* What is expected *
All of the data must be written out verbatim, with pictures excluded.

====== Material provided ======

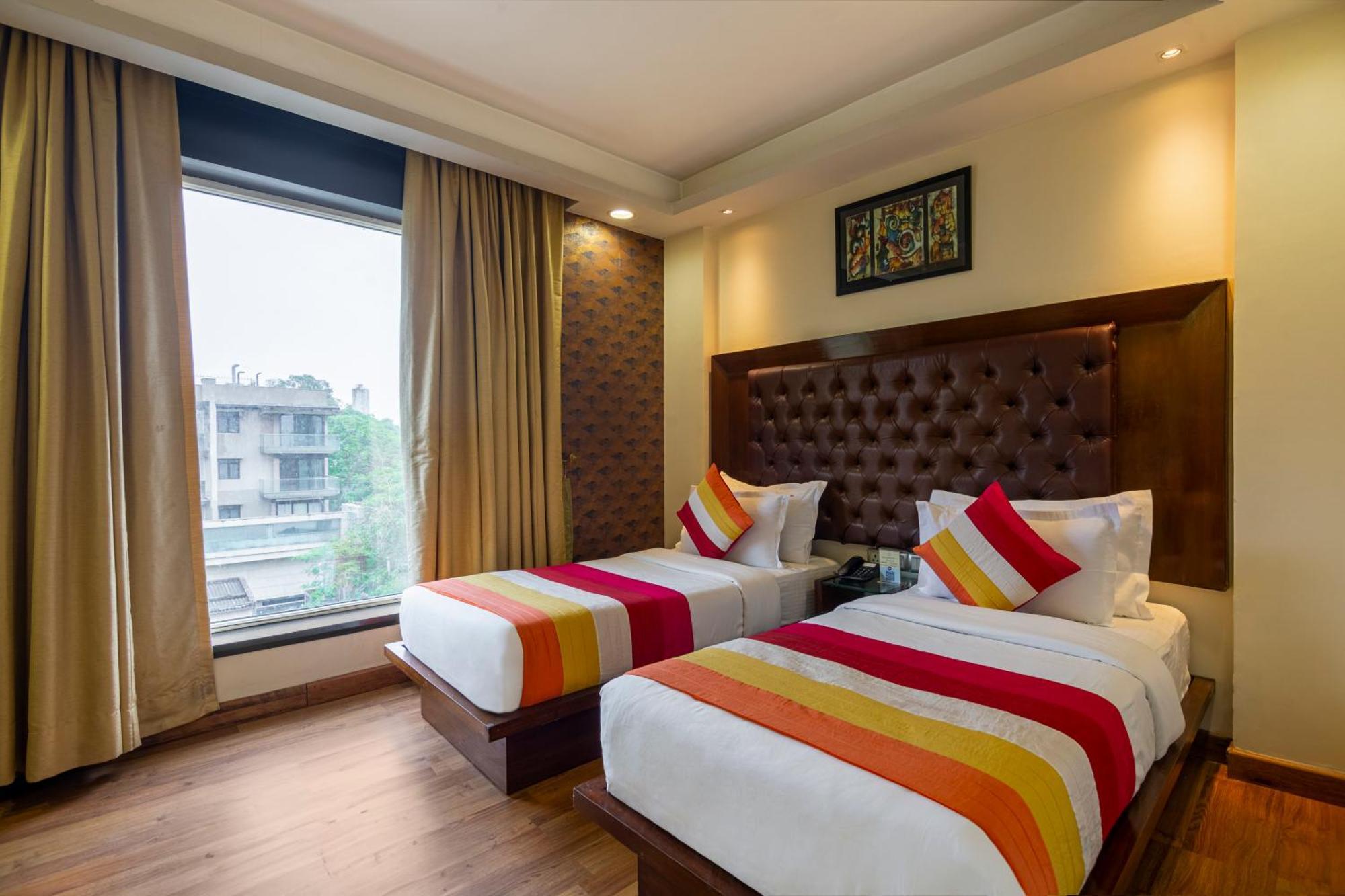 The Grand Orion - Kailash Colony New Delhi Eksteriør billede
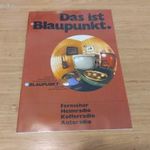 régi retró 1969-es NSZK-s BLAUPUNKT AUTÓRÁDIÓ, TV, RÁDIÓ, STB... prospektus, hibátlan. fotó
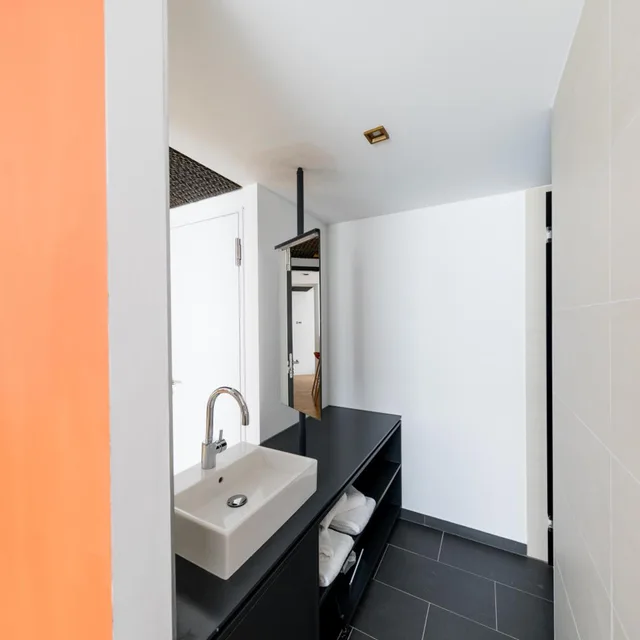 شقة بغرفة نوم واحدة، MK Hotel Russelsheim 6/7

======

* Finished exercise *
 The Grand Orion - Kailash Colony New Delhi Eksteriør billede
 régi retró 1969-es NSZK-s BLAUPUNKT AUTÓRÁDIÓ, TV, RÁDIÓ, STB... prospektus, hibátlan. fotó
 شقة بغرفة نوم واحدة، MK Hotel Russelsheim 6/7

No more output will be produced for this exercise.